Work instructions: Please make an exact copy of the lines from the one holding "帯揚げ「縮緬縫取紗綾形手挿友禅 梅 - lt.p」和小物さくら" through the end of the data, both ends included, with no pictures.

--- Supplied information ---

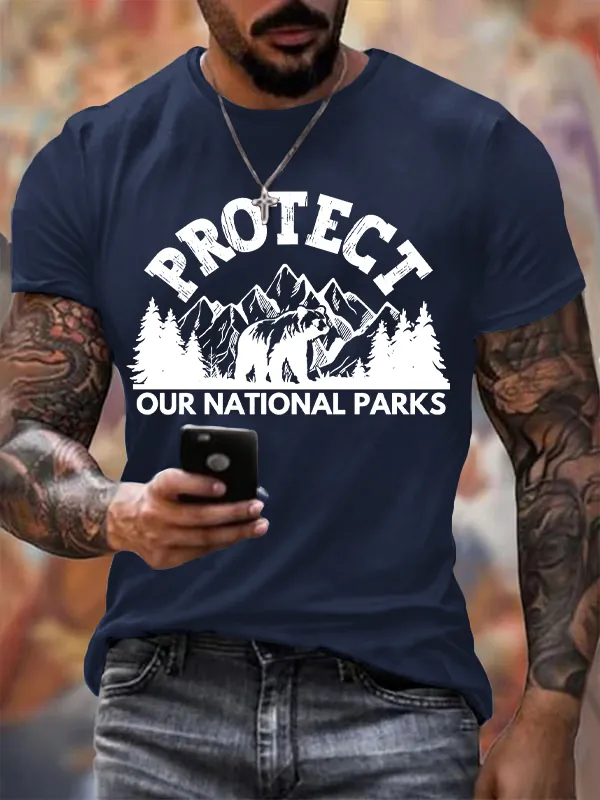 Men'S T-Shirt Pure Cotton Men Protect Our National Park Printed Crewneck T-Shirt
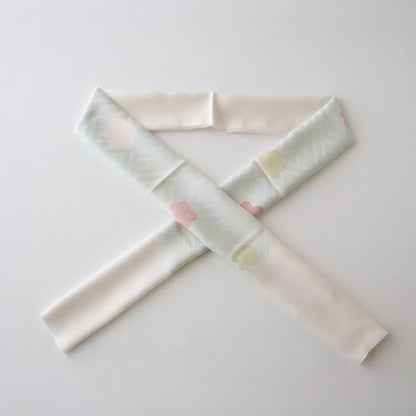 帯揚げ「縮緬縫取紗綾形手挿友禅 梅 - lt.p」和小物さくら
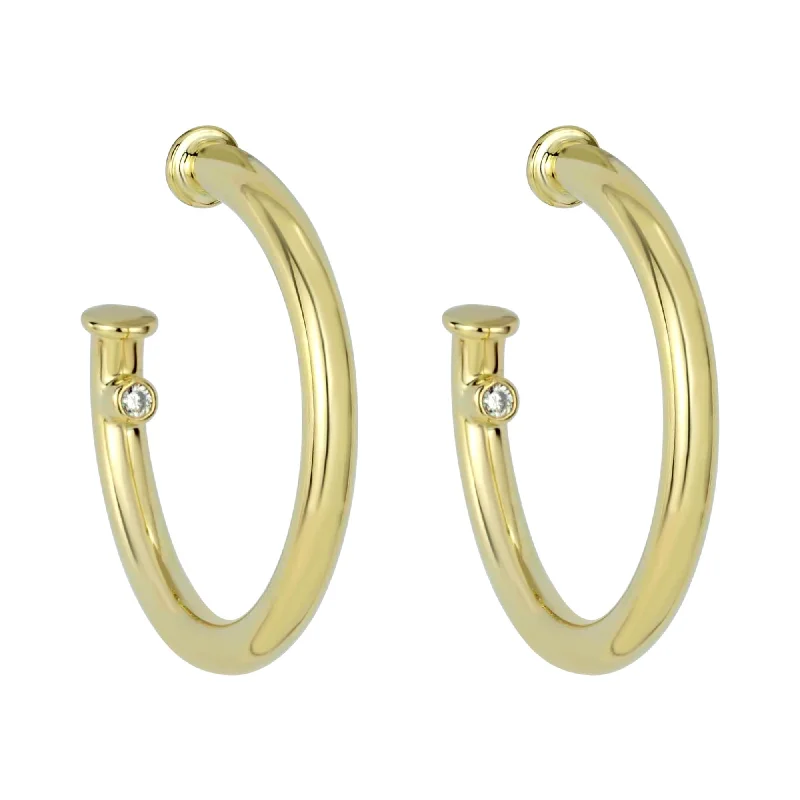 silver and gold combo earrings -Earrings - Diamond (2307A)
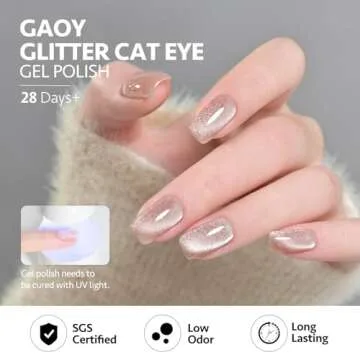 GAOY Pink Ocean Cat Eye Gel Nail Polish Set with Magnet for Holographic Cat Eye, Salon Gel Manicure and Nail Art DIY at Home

---

Output of the exercise:
 帯揚げ「縮緬縫取紗綾形手挿友禅 梅 - lt.p」和小物さくら
 silver and gold combo earrings -Earrings - Diamond (2307A)
 GAOY Pink Ocean Cat Eye Gel Nail Polish Set with Magnet for Holographic Cat Eye, Salon Gel Manicure and Nail Art DIY at Home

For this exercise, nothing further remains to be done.